Was Marvel-Leser schon 1991 wussten, erfuhr der gemeine Kinogänger erst über zwei Dekaden später: Mit den Infinity-Steinen ist nicht zu spaßen.
Es war einer jener Momente im Kino, in denen sich eingefleischte Marvel-Connaisseure auf die Schulter klopfen und sagen konnten: "Kenne ich schon." Die Rede ist natürlich von "Avengers: Infinity War" von 2018 und der berühmten Szene mit Thanos` Fingerschnippen ("The Blip"), das sich im ersten Heft der kultigen Miniserie "The Infinity Gauntlet" nachlesen lässt. Die zentrale Inspiration für das Finale der "Phase Three" des "Marvel Cinematic Universe", 1991 in sechs Heften erschienen, findet sich komplett im vorliegenden Band der Marvel-Kollektion. Die Neuauflage des Klassikers ist ein feiner Zug von Hachette, um angesichts der in der Reihe überproportional häufig vertretenen Crossovers der 2000er und 2010er Jahre wieder einmal älteres Material zu lesen.
Durch die Geschehnisse im vorangegangenen Zweiteiler "Thanos Quest" wähnt sich Thanos im Besitz aller sechs Seelensteine, deren Bedeutung allen, die auch nur ansatzweise mit dem Marvel-Universum im Allgemeinen und Adam Warlock im Speziellen vertraut sind, klar sein sollte. Um der angebeteten Mistress Death seine nunmehr uneingeschränkte Macht zu demonstrieren, schnippt der wahnsinnige Despot mit der gesunden lila Hautfarbe mal eben die Hälfte aller Lebewesen weg – ein gigantischer und in seinen Konsequenzen bisher unübertroffener Massenmord im Marvel-Universum, der nicht ungesühnt bleiben darf. Niemand Geringerer als Warlock, den selbst eine nicht friktionsfreie Geschichte mit den Seelensteinen und Thanos verbindet, schart jede Menge Helden und selbst kosmische Entitäten wie Eternity für den schier aussichtslosen Gegenangriff um sich.

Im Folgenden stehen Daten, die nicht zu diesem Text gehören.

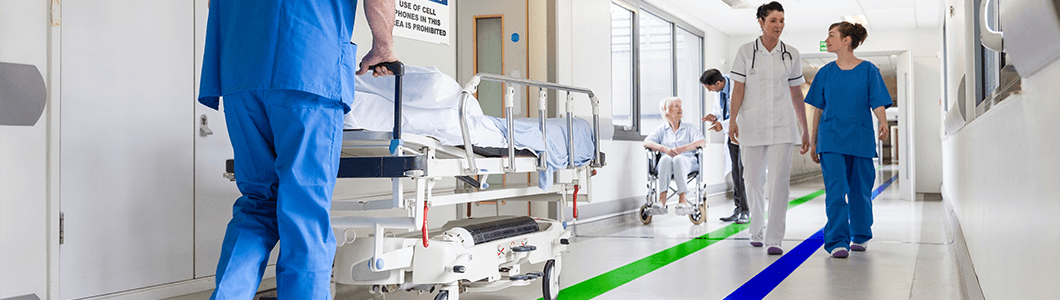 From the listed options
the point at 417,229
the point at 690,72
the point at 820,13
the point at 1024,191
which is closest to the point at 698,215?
the point at 690,72

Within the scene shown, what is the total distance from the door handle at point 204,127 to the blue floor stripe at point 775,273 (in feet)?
7.16

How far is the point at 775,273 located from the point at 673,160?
3.10 meters

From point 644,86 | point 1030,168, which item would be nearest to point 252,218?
point 1030,168

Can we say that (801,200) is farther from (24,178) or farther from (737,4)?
(24,178)

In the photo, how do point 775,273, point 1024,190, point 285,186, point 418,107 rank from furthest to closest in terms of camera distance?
point 775,273, point 418,107, point 285,186, point 1024,190

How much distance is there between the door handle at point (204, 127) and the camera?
125 inches

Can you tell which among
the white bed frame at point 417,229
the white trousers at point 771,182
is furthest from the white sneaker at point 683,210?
the white bed frame at point 417,229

Mehr Worte zur grundlegenden Prämisse braucht es nicht, Jim Starlin als Autor bürgt ohnehin für dramatische Action kosmischer Ausmaße. Auch wenn "The Infinity Gauntlet" ein paar kleinere Längen hat (das zurückgewiesene Werben von Thanos um Mistress Death), bietet die Story immer noch große Unterhaltung mit einem guten Querschnitt aller Superhelden, die im Marvel-Universum von 1991 etwas zu sagen hatten (wenngleich die kommerziell dominierende Mutantenfraktion auffallend unterrepräsentiert war). Das Artwork von Altmeister George Pérez ist wie so oft eine Augenweide, aber auch der für die letzten beiden Kapitel rekrutierte Ron Lim hat seinen Job äußerst solide erledigt. Wer die unmittelbare Fortsetzung lesen will, kann auf
Band 33 der "roten" Reihe zurückgreifen und sich ansonsten schon mal auf die beiden weiteren Epen "The Infinity War" und "The Infinity Crusade" freuen.